Siempre que me abandonan las musas poco antes de la fecha de entrega de un texto; siempre que el tiempo apremia y me enfrento a eso que llaman el terror de la hoja en blanco, pienso en algo que estoy leyendo; en la cita de una mujer o un hombre con mejor pluma que yo, y se me abre una ventana al mundo de las ideas. La opción fácil, pensaréis muchos. Una opción al menos, pienso yo.

En este caso, que las horas se me echan encima y el pobre Raúl, editor de esta revista, ya me ha mandado un recordatorio vía WhatsApp, se me viene a la cabeza una frase que le leí recientemente a Francisco Umbral en su magnífico pero demoledor libro Mortal y rosa: «De la dicha solo tenemos el recuerdo: nunca hemos tenido la experiencia». Una cita que me dejó tan maravillada que, para espanto de los amantes de los libros impolutos, me vi obligada a subrayar.
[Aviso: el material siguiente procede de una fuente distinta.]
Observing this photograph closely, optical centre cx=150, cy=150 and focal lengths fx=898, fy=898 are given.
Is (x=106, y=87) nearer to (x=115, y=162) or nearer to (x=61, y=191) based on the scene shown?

Pienso, pues, a raíz de estas palabras, en algunas de las veces que fui feliz, y no puedo sino coincidir con Umbral: la felicidad nunca es algo que está pasando; siempre es un momento del pasado o algo que, creemos, está por venir. Cualquier ejemplo me vale: un reencuentro con alguien querido, un viaje, una cita, una grata sorpresa… Nunca he sido tan feliz en el momento mismo de vivirlos como en las imágenes que, poco después, se me dibujan en la mente, y ya la habitan para siempre en el rinconcito de los recuerdos dichosos.

Me sucede igual con los buenos libros o películas. Nunca caigo en la cuenta de lo mucho que me han impactado hasta que, días o semanas después, siento la necesidad de volver a ellos. Lo mismo con la música: rara vez disfruto plenamente de una canción o un disco la primera vez que los escucho; siempre me hace falta darle varias veces al botón de play para llegar a ello.
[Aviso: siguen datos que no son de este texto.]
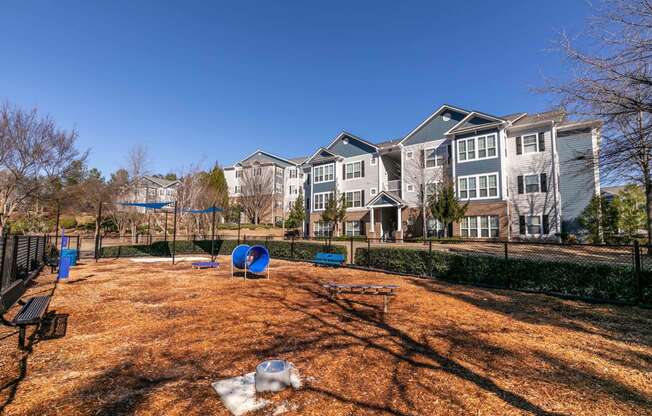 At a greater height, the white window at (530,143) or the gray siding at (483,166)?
the white window at (530,143)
Pero no solo en el pasado vive la dicha; también lo hace en el futuro: la felicidad no está tanto en el presente como en la posibilidad de poder repetir aquellos momentos que tenemos archivados como alegres. Son las pequeñas metas del día a día que nos mantienen a flote.
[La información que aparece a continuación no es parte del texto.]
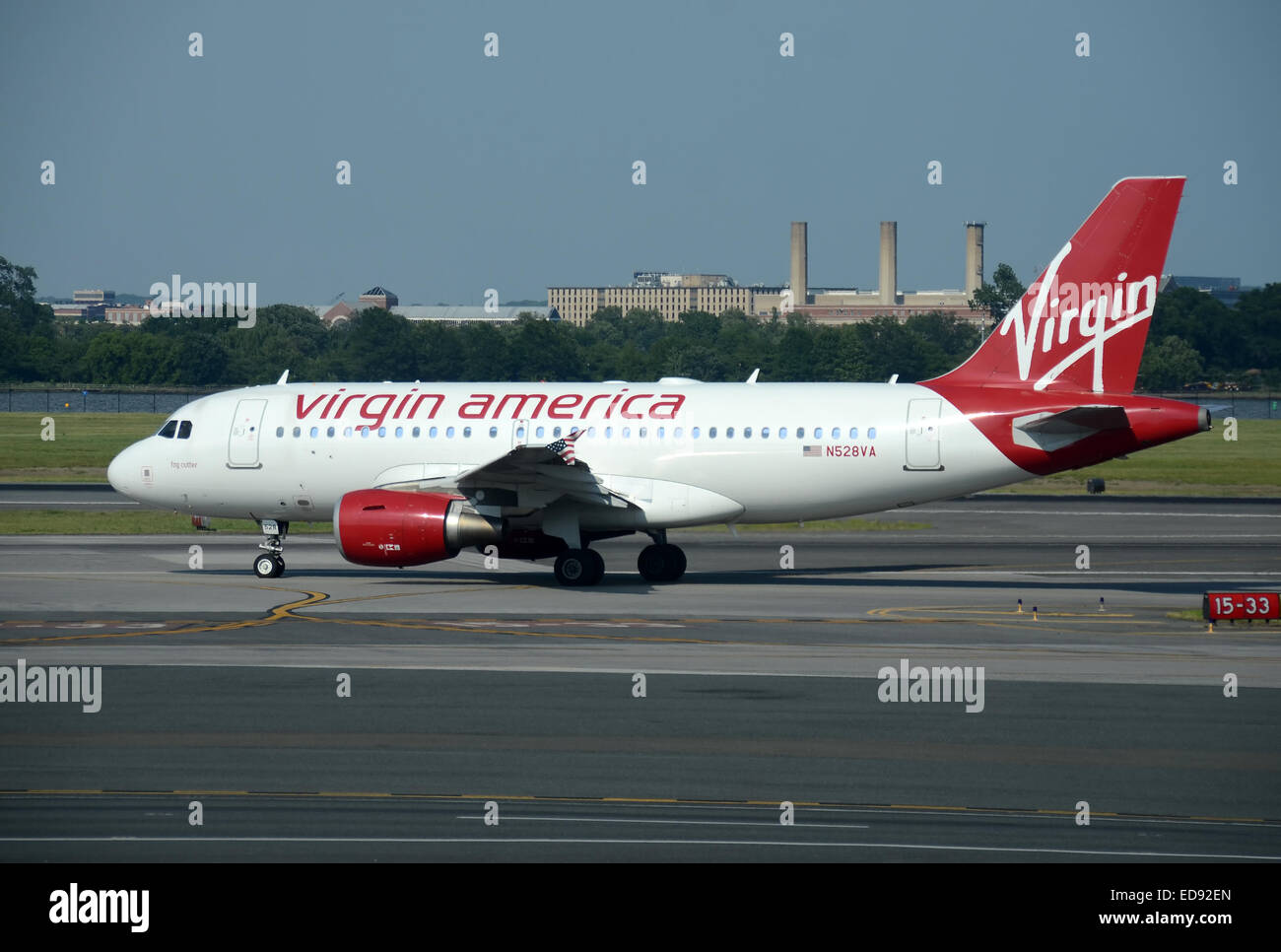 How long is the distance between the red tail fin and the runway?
4.70m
Les pregunté el otro día a dos buenísimos amigos, a los que conocí estando de Erasmus y de los que ya (al menos virtualmente) nunca me separé, cómo hacían ellos para sobrellevar estos tiempos de desesperanza; qué objetivos se marcaban. Cristina me respondió que una de las cosas en las que más pensaba es en la posibilidad de volver a juntarnos, próximamente, en la ciudad que nos unió. Jorge, más pragmático, dijo: «Yo solo le pido a la temporada de melones que salga buena». Coincido con ambos.